* _What is expected_
Write out exactly the lines from the one with "Lot de 9 Filtres" through the last line of the data below, but not the pictures.

* _Captioned web image data_
>>

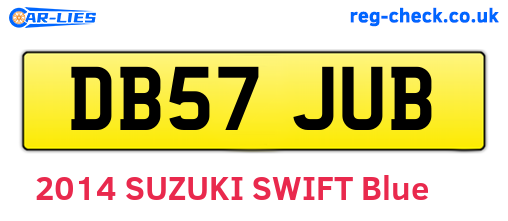 DB57JUB are the vehicle registration plates.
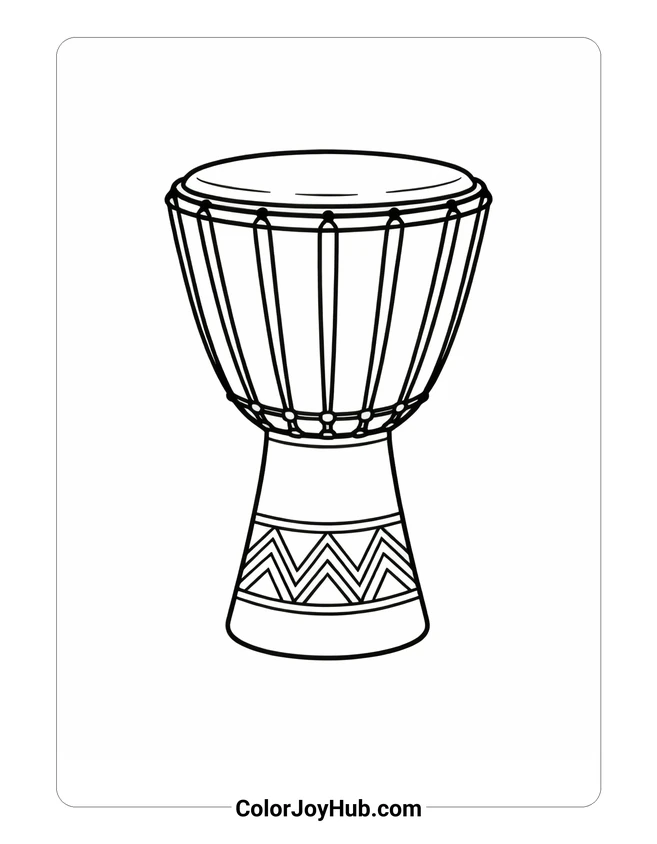 Simple African Drum Coloring Page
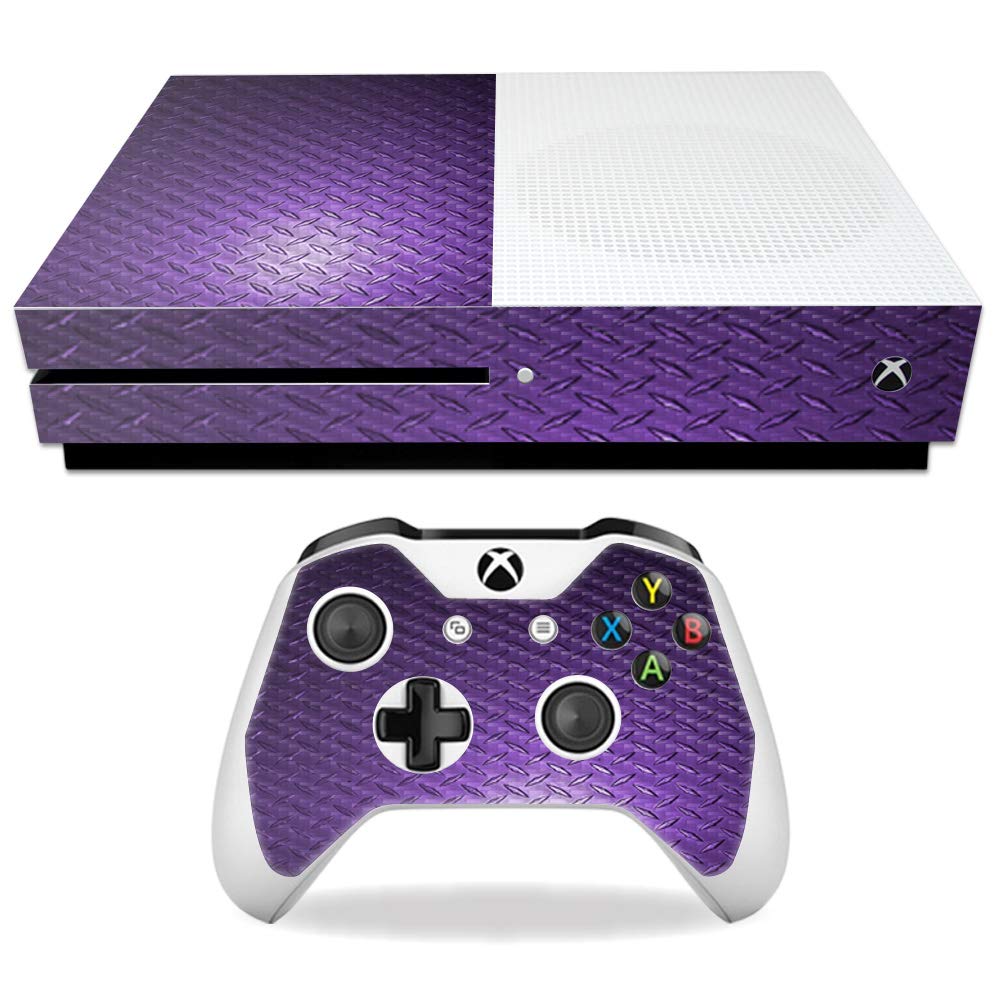MightySkins Carbon Fiber Skin for Microsoft Xbox One S - Purple Diamond Plate | Protective  Durable Textured Carbon Fiber Finish | Easy to Apply  Remove  and Change Styles | Made in The USA
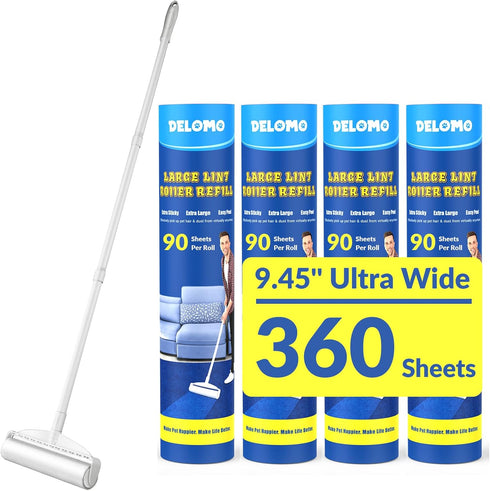 Large Lint Rollers for Carpet, DELOMO Sticky Rollers for Floor, 9.45 in with 3 Extendable Handle for Cleaning Carpets,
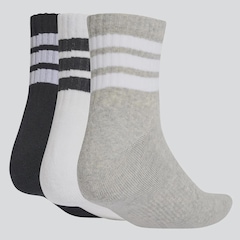 Kit Meia adidas 3 Stripes Mid - 3 Pares - Foto 2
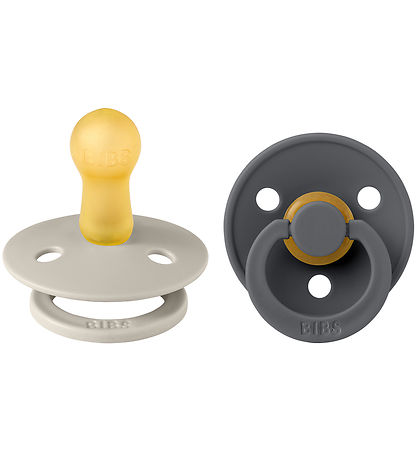 BIBS Colour Schnuller - Gr. 2 - 2er-Pack - Rund - Sand/Iron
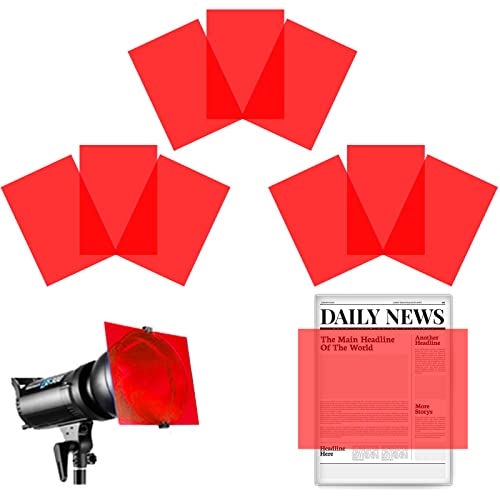 Lot de 9 Filtres de Couleur Carrés A4 - Filtre de Couleur Transparent - Température de Couleur Transparente - pour Studio Photo, Stroboscope, Flash LED, Phares (Rouge)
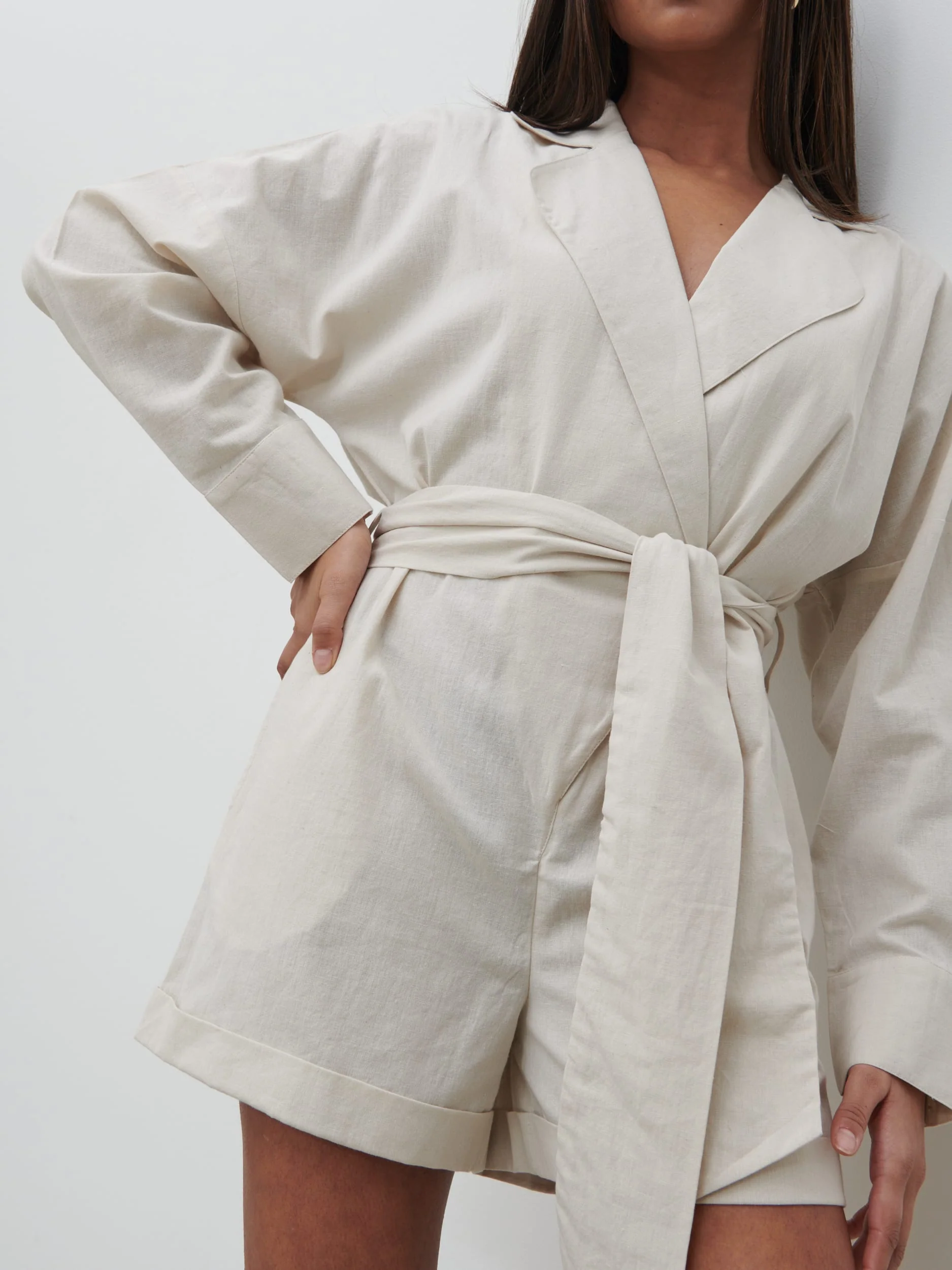 Emilie Belted Playsuit - Oatmeal - Image 3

<<

* _Response to this task_
 Lot de 9 Filtres de Couleur Carrés A4 - Filtre de Couleur Transparent - Température de Couleur Transparente - pour Studio Photo, Stroboscope, Flash LED, Phares (Rouge)
 Emilie Belted Playsuit - Oatmeal - Image 3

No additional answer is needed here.